民間調査会社「ブランド総合研究所」が発表した「地域ブランド調査2021」の中の「2021年都道府県魅力度ランキング」で、群馬県が前年の40位から44位に降下したことを受け、山本一太群馬県知事が「県民に対し失礼」「経済的な損失にもつながる」として「法的措置を含めた検討を始めた」と表明しました。

この件についてはすでに複数のメディアが取り上げていますし、「ワイドナショー」での「絶対にどこかの県が47位になる仕組みは切ない」といった趣旨の指摘以外に触れるべき点などないようにも思えますが、厳密にはこれが「地域ブランド調査」の一部であることは考えなければいけないと思います。調査では都道府県別のイメージや魅力度を聞いてはいますが、それが「ブランド」になっているかどうかを見ているわけです。

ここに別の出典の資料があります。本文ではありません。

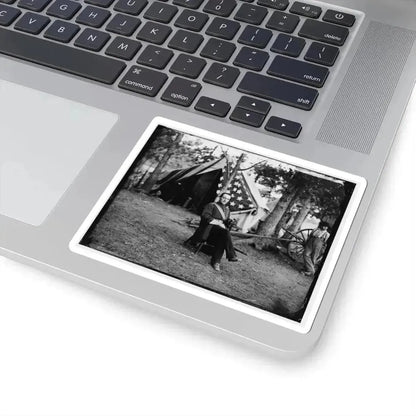 Bealeton, Virginia. Capt. Cunningham of Gen. T.F. Meagher's Staff (U.S. Civil War) STICKER Vinyl Kiss-Cut Decal - The Sticker Space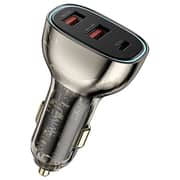 Wiwu Car Charger Black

ということで、広報・PR関係の人間にとってはこの上なく格好の素材なので、感じたことを書いてみます。

そもそも「ブランド」に社名は必要とされない

消費材の世界では、製造販売する企業名を掲げずに「ブランド名」だけで販売する商品というものは数多く存在します。

車では高級車の「LEXUS(レクサス)」が有名で、公式サイトを訪れても「トヨタ」という社名はたったの1箇所にしか出てきません。それもロゴは一切表示されず、「共通ID利用規約」というリンク部分のテキストのみ。

化粧品関連では「ニベア」が、古くからある「社名を出さない商品」として有名です。実際には「ニベア花王」という会社の商品ですが、広告でも「ニベアブランド」すべてにおいて花王の社名は掲出していませんし、ウェブサイトでも販売社名の表示についてはLEXUS同様に”欄外扱い”です。

元の会社が吸収合併された場合でも、ブランド名が有名すぎる場合には、吸収した新たな販社となる会社でも、社名変更はあまり強調せずにブランド名だけで勝負し続けるというケースもあります。

さらに、元の社名が吸収合併先の会社でブランド名そのものに置き換わっている例もあります。電気シェーバーや電ハブのBRAUNが有名で、現在BRAUNは会社名ではなく、P&Gの商品のブランド名になっています。

「イソジン」のように元の開発企業と販売企業の提携契約の満了などの変更により販売社名が変更するケースもあります。薬の世界では時々見られる傾向とはいえ、元々イ◯ジンで販売していた「明治」のうがい薬が現在では「明治うがい薬」という商品名なのはちょっと悲しい気持ちになります…。

と、書きながらこの商品を検索してみたところ、パッケージは「イソ◯ン」の時と同じ、あの、よく知っているカバのイラストのままでした。なるほどこのパッケージだけで明治社製品を買う人も多いだろうと思うと、ブランドとは名称だけでなく、ビジュアルイメージも含めた包括的なものなのだと改めて実感させられます。ちなみに現在の「イソジン」の方のパッケージでうがいをしているのは、全然知らない犬でした…。

ともかく、どのケースでも、企業名だけでは商品は売れないが確立されたブランド認知でなら商品を売り続けることができるという、誰にでも理解できそうなことではありますが、そうした確立された思考がブランド維持につながっていることは間違いないでしょう。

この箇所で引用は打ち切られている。